Local First Responders introduced to Life Emergency Access File for senior residents

Community Homes of Lebanon County, a local leader in providing safe, affordable housing for senior citizens. The Resident Services staff assist elderly and disabled residents living in their affordable housing communities to identify, locate, and acquire the services necessary to remain self-sufficient. The LEAF program enhances the resident’s quality of life and helps them safely remain in their apartments as long as possible.

There are some instances when an emergency first responder is needed to transport a resident to a hospital. Lebanon County’s Emergency Medical Technicians (EMT’s), paramedics, police officers, and firefighters have all responded to emergencies at Community Homes locations.

In those situations, the immediate availability of vital information such as current medications, medical conditions, recent surgeries, allergies, etc. can make a difference when seconds count between life and death.

To make this information available, Community Homes has taken the initiative to make this medical information available at the discretion of the resident. Seventy percent of residents are participating in this program, named Life Emergency Access File (LEAF). When a fist responder enters one of the communities “Terrace” buildings, and proceeds to a specific resident apartment, there is a LEAF magnet on the apartment door indicating that the resident is a participant in the program. The two-sided (LEAF) form is magnetized to the refrigerator. It also includes a portable copy for the first responder.

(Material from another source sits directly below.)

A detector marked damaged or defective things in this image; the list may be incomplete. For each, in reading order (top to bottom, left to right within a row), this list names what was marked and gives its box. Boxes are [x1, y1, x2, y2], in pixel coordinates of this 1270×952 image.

To build awareness of the LEAF program, Jane Keller, the Community Homes Director of Resident Services held a briefing at the Administrative Office at Oak Terrace, Lebanon for key First Responders to explain the program and review a sample form for information. The session was well attended and included a q & a segment. Attendees included Lebanon Fire Commissioner Duane Trautman, Assistant Chief Aaron Sweitzer, Fire Captain Burt Wissner, and Firefighters Dave Smiley, Tom Scholl, Jan Harnish and Aaron Robinson. Karen Summers, Chief of Operations of First Aid and Safety Patrol (FASP) also attended. Lebanon Police Chief Todd Breiner was also briefed on the program.

The First Responders complimented Community Homes for making this vital information available. Lebanon Police Chief Breiner was particularly impressed. “It is a great idea. And I wonder why we have not done this sooner. Everyone should have a form like this in their homes.”

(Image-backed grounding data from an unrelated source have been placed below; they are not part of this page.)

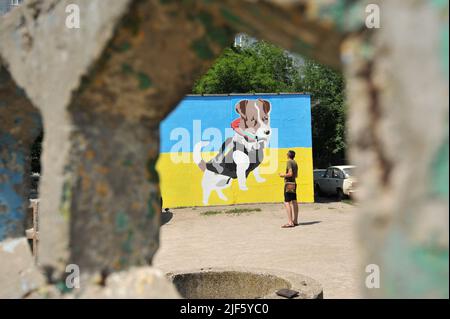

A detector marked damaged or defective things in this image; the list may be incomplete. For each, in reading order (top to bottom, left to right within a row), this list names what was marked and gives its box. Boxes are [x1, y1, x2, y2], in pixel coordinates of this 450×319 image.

broken concrete edge [165, 268, 324, 300]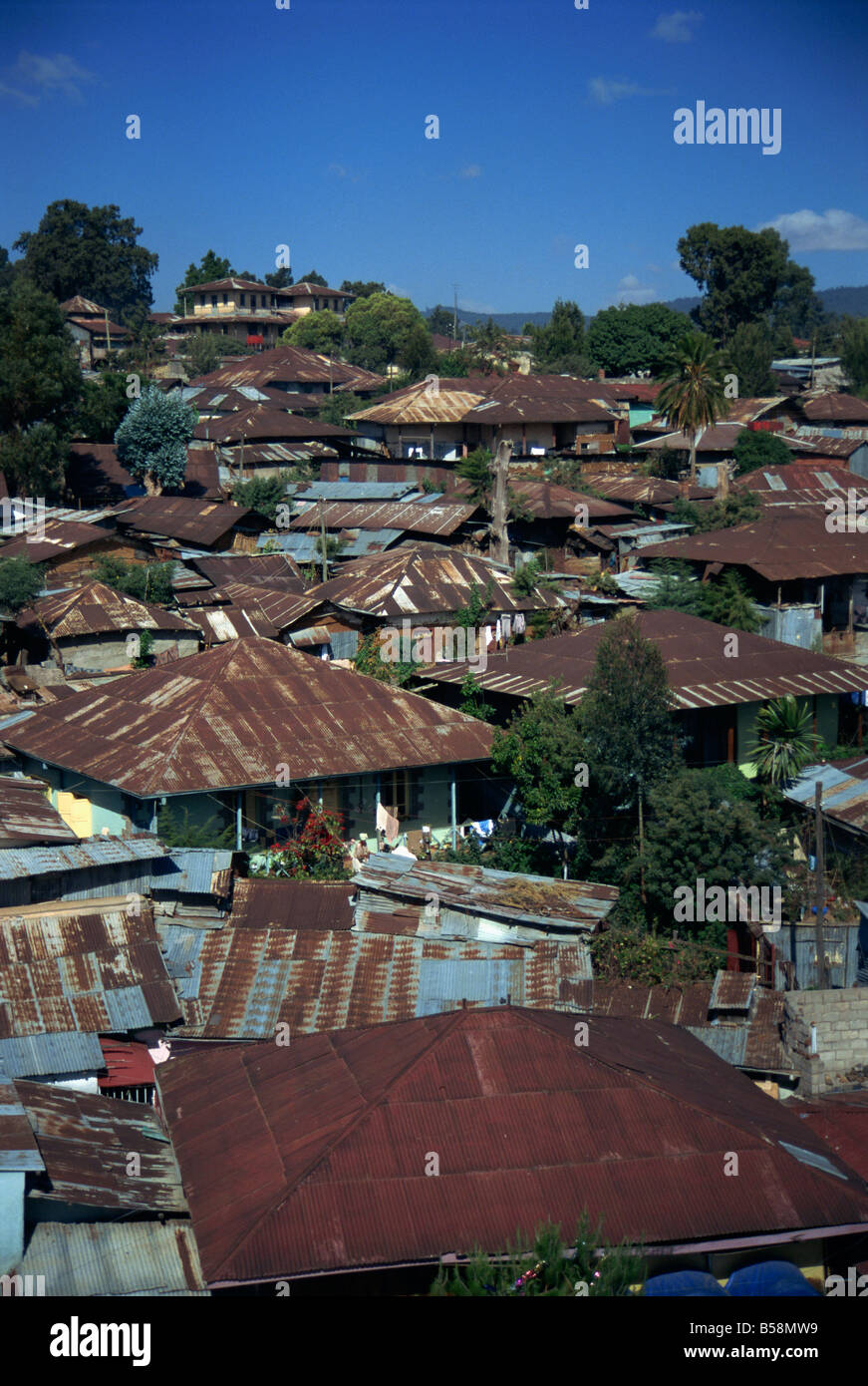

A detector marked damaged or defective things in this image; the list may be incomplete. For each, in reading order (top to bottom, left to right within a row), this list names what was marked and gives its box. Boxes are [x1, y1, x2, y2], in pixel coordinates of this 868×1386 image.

rusty corrugated metal roof [306, 545, 564, 617]
rusty corrugated metal roof [639, 516, 868, 584]
rusty corrugated metal roof [1, 634, 495, 798]
rusty corrugated metal roof [424, 612, 868, 709]
rusty corrugated metal roof [0, 776, 78, 848]
rusty corrugated metal roof [0, 897, 180, 1042]
rusty corrugated metal roof [15, 1075, 189, 1209]
rusty corrugated metal roof [159, 1008, 868, 1285]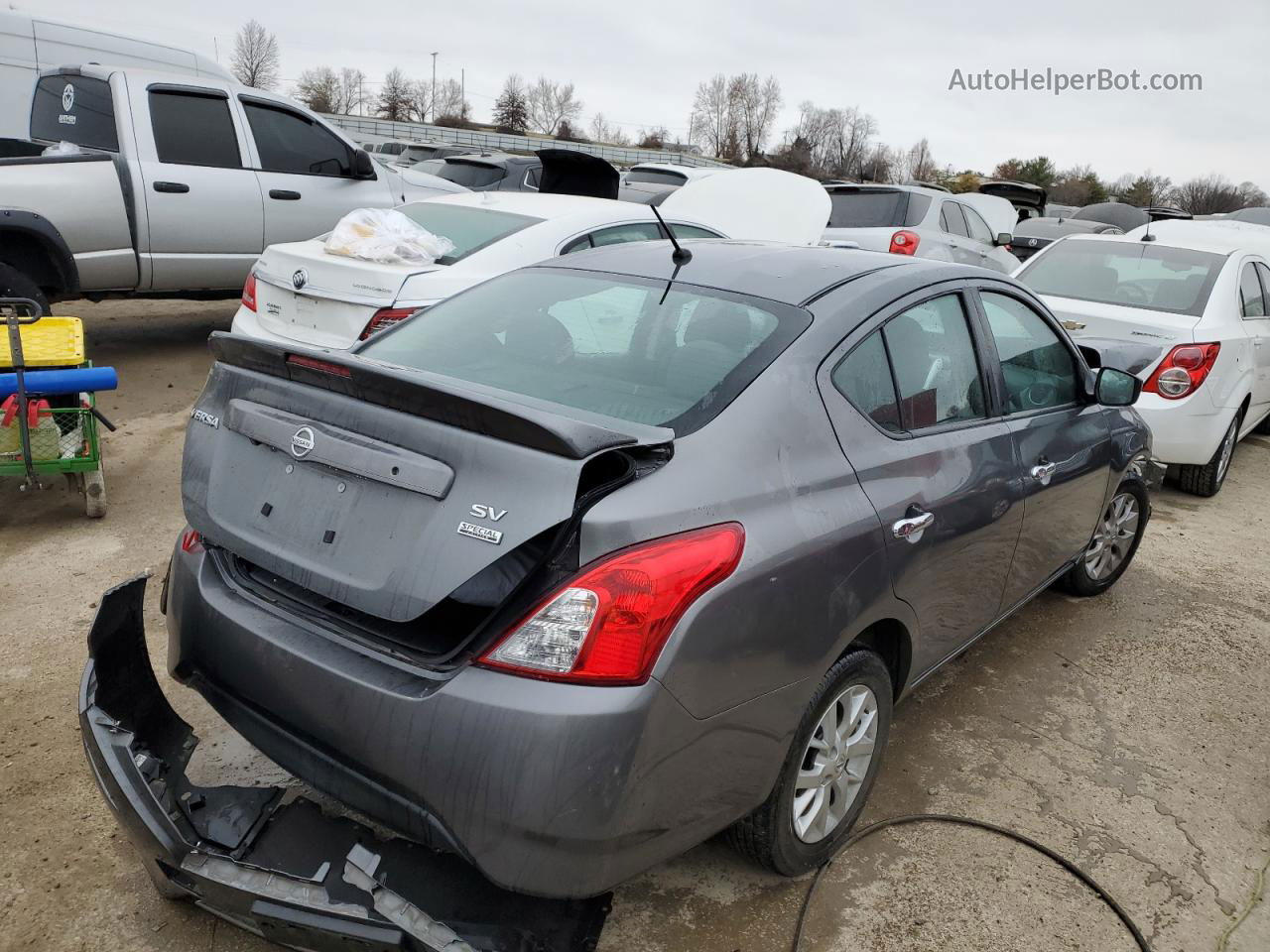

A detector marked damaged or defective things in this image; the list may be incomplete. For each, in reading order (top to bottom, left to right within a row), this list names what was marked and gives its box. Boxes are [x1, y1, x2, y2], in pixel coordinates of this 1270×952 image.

tail light assembly damage [889, 230, 919, 257]
tail light assembly damage [1143, 342, 1218, 398]
tail light assembly damage [482, 523, 741, 685]
broken bumper piece [79, 578, 614, 949]
detached black bumper cover [80, 578, 614, 949]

The Fire Commissioner and the Chief of Police both said they will distribute the Life Emergency Access File (LEAF) to their designated teams, so they are aware of this vital program when they must respond to a call at a Community Hones property.

Community Homes, founded in 1968, has 287 apartments in six Lebanon County “Terrace” buildings, plus a Maple Street Duplex built for the ambulatory disabled. All 287 units are occupied, with a waiting list that exceeds 5 years. Plans are in process to add a 23-unit Canal Street affordable housing complex, with the first phase ready in 2022.